Network Speed Performance with Buffalo Linkstation Quad Pro
I have recently upgraded my home network to gigabit. The main beneficiaries of this upgrade are my primary desktop and the Buffalo Linkstation Quad Pro. The rest of my PCs still run at 100M speed, notably my wife’s netbook and 2 of my notebooks.
My real world file to file transfer between the NAS and the PC is pretty bad. By copying a large file from the NAS to the PC, I am only getting 16-18MB/s (PC to NAS and NAS to PC) in transfer speed. Not good at all, and this is even with the NAS’s jumbo frame set at 9kB.
Not satisfied, I decided to tune the network card settings on my windows 7 box. This is what I did:
- Use Realtek’s drivers instead of the TP-Link’s driver. I find the realtek’s drive has slightly better performance. I am not sure why.
- Set Flow Control on the NIC – Off
- Set Intetrupt Moderation to On – I would like to set this off but doing so will render the network really unstable.
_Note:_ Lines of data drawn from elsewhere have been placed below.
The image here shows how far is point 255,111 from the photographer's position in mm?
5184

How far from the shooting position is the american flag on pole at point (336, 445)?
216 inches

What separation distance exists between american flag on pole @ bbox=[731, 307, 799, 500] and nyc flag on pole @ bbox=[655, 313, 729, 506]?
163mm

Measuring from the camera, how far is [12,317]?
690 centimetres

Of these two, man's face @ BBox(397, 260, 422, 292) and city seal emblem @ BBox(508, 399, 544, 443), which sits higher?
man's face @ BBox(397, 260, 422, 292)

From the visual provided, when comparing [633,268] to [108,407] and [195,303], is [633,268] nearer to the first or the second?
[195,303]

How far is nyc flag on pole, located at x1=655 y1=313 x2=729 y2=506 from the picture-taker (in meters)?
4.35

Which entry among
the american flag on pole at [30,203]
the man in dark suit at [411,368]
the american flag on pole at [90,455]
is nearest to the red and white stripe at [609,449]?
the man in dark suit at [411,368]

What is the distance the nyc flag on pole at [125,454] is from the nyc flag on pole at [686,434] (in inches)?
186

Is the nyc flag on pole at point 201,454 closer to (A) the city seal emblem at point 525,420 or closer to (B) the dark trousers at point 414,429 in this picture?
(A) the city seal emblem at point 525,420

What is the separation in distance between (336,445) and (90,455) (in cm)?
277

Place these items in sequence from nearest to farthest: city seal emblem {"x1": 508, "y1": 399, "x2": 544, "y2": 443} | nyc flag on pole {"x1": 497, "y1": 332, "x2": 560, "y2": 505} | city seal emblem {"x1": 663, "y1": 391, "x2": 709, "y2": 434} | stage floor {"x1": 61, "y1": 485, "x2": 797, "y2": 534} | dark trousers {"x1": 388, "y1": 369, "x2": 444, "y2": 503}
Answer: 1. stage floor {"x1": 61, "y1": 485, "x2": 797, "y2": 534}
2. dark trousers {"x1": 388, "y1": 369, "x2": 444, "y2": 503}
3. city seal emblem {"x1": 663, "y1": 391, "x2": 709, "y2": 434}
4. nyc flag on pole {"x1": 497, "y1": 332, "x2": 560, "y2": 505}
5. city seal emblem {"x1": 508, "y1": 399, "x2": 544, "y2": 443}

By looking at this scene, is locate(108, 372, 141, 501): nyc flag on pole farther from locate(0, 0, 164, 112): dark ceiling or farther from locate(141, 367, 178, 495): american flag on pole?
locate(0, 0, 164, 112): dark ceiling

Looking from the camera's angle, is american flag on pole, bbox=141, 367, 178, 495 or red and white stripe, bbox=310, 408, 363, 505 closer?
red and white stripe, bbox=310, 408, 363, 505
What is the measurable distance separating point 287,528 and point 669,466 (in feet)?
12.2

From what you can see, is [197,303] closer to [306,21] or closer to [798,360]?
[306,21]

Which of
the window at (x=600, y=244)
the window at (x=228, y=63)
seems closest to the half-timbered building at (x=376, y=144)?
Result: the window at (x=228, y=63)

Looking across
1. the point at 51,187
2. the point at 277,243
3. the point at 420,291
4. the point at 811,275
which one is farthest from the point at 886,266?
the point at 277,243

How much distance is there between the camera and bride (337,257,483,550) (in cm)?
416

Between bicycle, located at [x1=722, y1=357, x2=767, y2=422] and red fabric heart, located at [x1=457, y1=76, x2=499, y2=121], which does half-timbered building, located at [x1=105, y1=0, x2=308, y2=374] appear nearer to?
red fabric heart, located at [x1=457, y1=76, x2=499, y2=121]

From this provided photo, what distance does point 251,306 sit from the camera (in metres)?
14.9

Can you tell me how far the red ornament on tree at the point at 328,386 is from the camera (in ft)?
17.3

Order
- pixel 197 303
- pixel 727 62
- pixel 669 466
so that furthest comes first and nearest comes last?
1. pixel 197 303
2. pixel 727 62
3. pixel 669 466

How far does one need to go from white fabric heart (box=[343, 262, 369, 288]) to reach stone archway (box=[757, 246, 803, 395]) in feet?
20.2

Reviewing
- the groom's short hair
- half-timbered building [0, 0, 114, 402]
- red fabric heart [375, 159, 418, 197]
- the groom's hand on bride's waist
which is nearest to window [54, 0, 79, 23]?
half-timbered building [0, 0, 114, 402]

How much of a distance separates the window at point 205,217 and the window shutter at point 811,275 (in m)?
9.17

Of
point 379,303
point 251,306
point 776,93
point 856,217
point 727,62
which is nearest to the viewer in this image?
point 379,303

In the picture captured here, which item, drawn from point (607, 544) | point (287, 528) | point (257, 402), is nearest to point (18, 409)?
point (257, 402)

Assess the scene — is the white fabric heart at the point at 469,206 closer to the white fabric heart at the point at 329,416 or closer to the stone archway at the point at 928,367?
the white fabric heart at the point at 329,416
- Set Jumbo Frame to Disabled – Currently set to disabled as setting it to anything else will kill my network.
- I have also experimented with the settings for the various checksums but I am unable to turn these settings off without affecting the network one way or another.
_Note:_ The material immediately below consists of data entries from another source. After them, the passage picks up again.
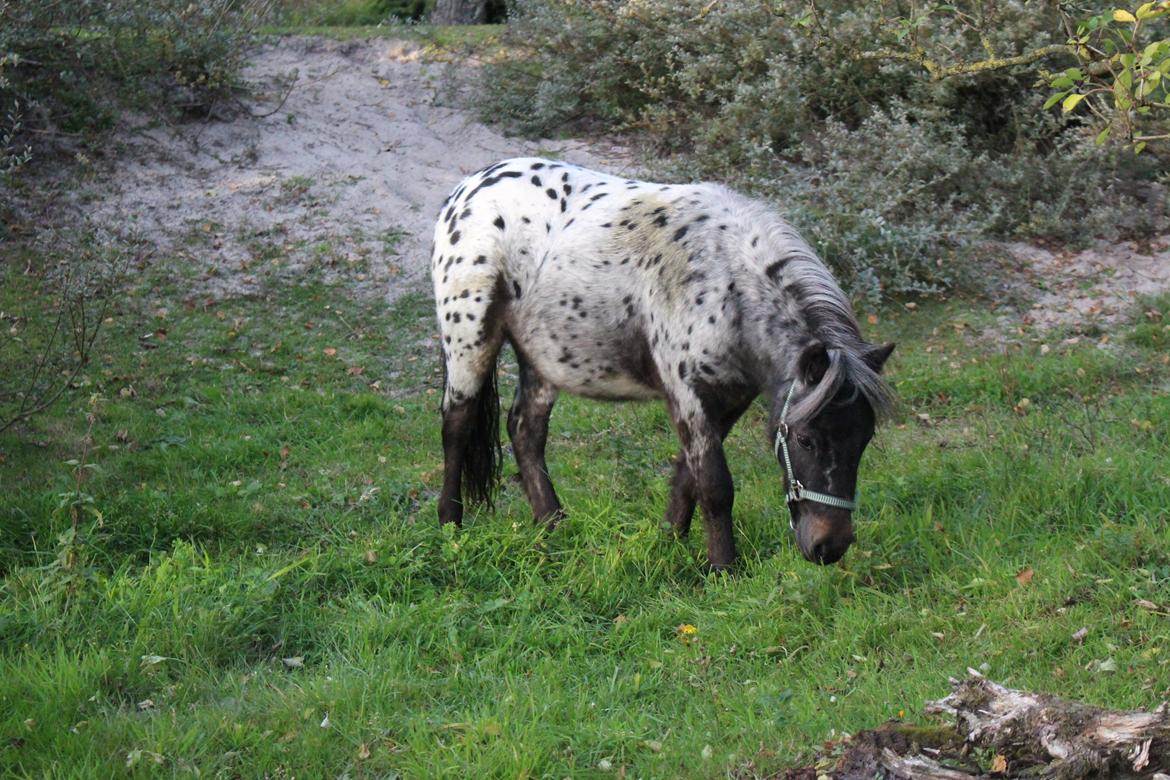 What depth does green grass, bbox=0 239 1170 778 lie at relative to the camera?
4.45 metres

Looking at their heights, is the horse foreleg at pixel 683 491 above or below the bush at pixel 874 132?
below

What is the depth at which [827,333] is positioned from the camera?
5.60 m

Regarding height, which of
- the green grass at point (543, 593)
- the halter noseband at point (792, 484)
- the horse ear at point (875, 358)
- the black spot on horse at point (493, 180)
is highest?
the black spot on horse at point (493, 180)

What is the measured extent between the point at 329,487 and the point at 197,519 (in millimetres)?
993

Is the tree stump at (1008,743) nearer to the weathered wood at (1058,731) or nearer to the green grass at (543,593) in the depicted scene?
the weathered wood at (1058,731)

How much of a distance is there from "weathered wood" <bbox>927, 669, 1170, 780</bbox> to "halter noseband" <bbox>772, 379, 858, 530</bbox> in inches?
56.9

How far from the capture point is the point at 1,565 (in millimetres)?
6070

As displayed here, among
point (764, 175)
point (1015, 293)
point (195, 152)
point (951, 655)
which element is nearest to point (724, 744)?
point (951, 655)

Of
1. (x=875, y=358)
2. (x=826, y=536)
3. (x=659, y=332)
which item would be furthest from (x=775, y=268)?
(x=826, y=536)

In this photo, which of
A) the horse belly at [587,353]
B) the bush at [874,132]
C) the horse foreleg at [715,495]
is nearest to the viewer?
the horse foreleg at [715,495]

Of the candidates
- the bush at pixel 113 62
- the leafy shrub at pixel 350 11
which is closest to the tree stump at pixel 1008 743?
the bush at pixel 113 62

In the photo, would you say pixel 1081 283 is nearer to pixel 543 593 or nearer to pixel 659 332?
pixel 659 332

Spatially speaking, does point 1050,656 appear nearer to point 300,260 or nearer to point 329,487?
point 329,487

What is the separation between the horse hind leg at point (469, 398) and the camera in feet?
22.3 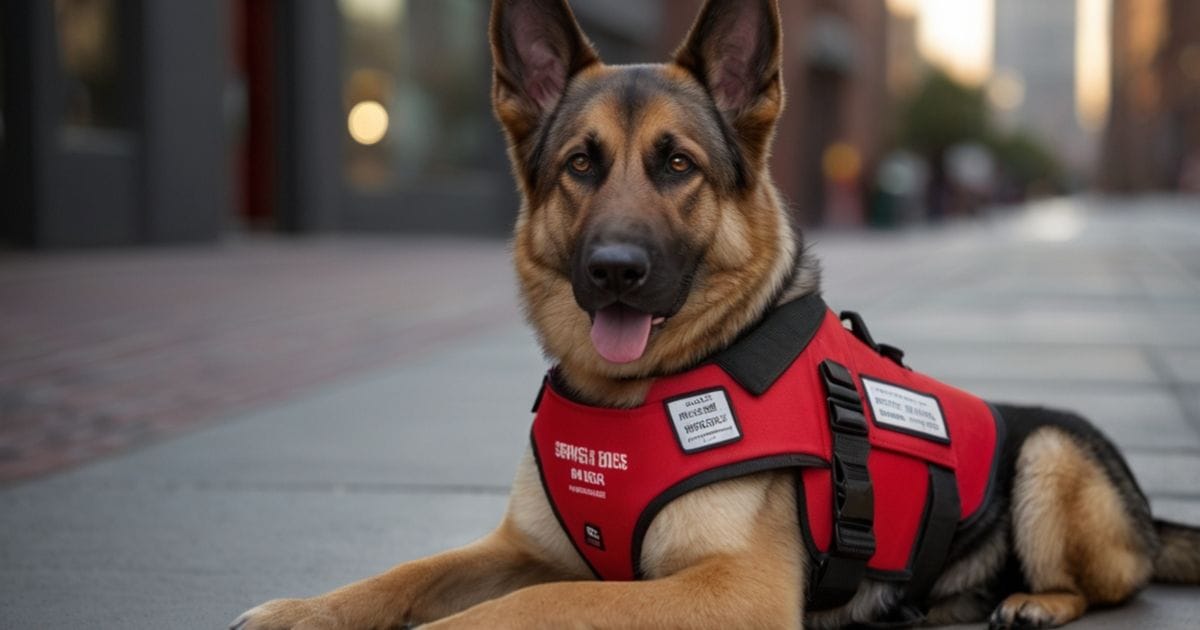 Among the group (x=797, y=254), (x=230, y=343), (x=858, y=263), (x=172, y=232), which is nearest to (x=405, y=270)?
(x=172, y=232)

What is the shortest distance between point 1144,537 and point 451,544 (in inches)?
90.7

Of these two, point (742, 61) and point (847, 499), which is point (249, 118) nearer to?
point (742, 61)

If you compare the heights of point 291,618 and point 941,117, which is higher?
point 941,117

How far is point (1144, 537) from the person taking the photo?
394 centimetres

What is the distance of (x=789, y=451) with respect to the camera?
131 inches

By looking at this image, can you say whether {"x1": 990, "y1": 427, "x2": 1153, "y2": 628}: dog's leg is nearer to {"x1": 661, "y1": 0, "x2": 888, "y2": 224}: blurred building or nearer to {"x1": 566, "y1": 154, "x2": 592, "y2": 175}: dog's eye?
{"x1": 566, "y1": 154, "x2": 592, "y2": 175}: dog's eye

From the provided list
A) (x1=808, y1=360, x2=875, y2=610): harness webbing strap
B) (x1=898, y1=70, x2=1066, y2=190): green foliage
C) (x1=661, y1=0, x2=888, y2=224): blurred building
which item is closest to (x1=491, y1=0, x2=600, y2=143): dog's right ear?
(x1=808, y1=360, x2=875, y2=610): harness webbing strap

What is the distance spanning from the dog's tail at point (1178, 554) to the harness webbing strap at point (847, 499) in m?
1.24

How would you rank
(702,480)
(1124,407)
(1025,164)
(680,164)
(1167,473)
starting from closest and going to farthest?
(702,480) → (680,164) → (1167,473) → (1124,407) → (1025,164)

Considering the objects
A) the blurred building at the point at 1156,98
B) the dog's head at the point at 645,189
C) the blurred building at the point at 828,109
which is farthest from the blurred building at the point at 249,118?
the blurred building at the point at 1156,98

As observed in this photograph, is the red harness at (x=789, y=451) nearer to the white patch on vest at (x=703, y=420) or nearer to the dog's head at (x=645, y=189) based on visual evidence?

With this very minor changes, my file to file transfer (copying from NAS to hard drive) improves to 32-33MB/s. That’s a modest 83% speed increase with respect to the earlier 18MB/sec benchmark. Copying from hard disk to NAS is now 28MB/sec. A modest 55% speed increase.
I am still not very happy especially knowing that a gigabit network is “theoretically” capable of 125MB/sec (being 1000 divided by 8. Remember that 1 byte = 8 bits). With all the overheads of a TCP/IP network taken into consideration, I would have expected a 45MB/sec real world transfer speed, to be the absolute minimum.
Here are some benchmark test results when I use CrystalDiskMark. I have mounted one of the share on the NAS as my Drive B. For whatever reasons, the results on CrystalDiskMark seem to be too optimistic and I am just not able to produce this kind of results on actual usage.
Running NAS Peformance Tester v1.2, I get the following result:
These are not very fantastic results by the way, especially when compared with this user here at the Singapore hardware forum. His results are 57MB/sec read and 39MB/sec write. I am lagging behind by about 10-12MB/sec. That is a lot of difference given that a typical 100M network has an average performance of 10MB/sec or so.
Benchmark test on the local Drive D (which belongs to the 1TB WD drive) gives the following results:
So if I were to interpret CrystalDiskMark’s results, I would have to say this:
- Reading a file from the NAS gives an average speed of 44MB/sec.
- Writing a file to the local D drive gives an average speed of 64MB/sec.
So why would transferring a file from the NAS to the local drive D be only 33MB/sec? Something does not add up and I do not know why.
If any reader is able to offer an insight into this, I will be greatly appreciated.
Just out of curiosity, I wanted to know what is the transfer speed from the NAS to a ramdisk on the desktop.I downloaded a free ramdisk utilities for windows 7 that allows me to create a ramdisk for testing. You can download this here – http://www.mydigitallife.info/free-ramdisk-for-windows-vista-xp-2000-and-2003-server/. This is an informative read by the way.
Installing is a breeze and I setup a ramdisk 1GB in size. Now some test results if I run the benchmark on the ramdisk.
Now copying a file from the NAS to the ramdrive (I copied a 700MB AVI file) gave me a speed of 38MB/sec. A 5MB/sec speed increase as compared with copying from the NAS to the hard drive.
Copying the same 700MB AVI file from the ramdisk to the NAS give me a speed of 30-33MB/sec. Again a 5MB/sec speed difference compared with copying from the hard drive to the NAS.
So the ramdrive only gives me a 5MB/sec speed advantage?. Not very impressive.
I still do not know why my desktop’s network transfer speed is so slow but for now, I will conclude that it is the limitation of my current hardware. The PC is afterall a 3-year old PC and is certainly getting a bit long in the tooth. But it is also to be noted that the gigabit hardware that I get are not world class standards by any means. I suppose this is what people say “you get what you paid for”.
I have recently updated my main PC to a Haswell i5-4670 with 16GB ram and 128GB SSD and re-run the same diskmark test. Here is the result:
None of the settings have been changed on the Buffalo Linkstation since the earlier tests….so it is quite apparent that the disk benchmark is also highly dependent on the speed of the PC. In this case, the sequential read improve from 53MB/s to 68MB/s and the sequential write improve from 32MB/s to 55MB/s. I have not done further test however.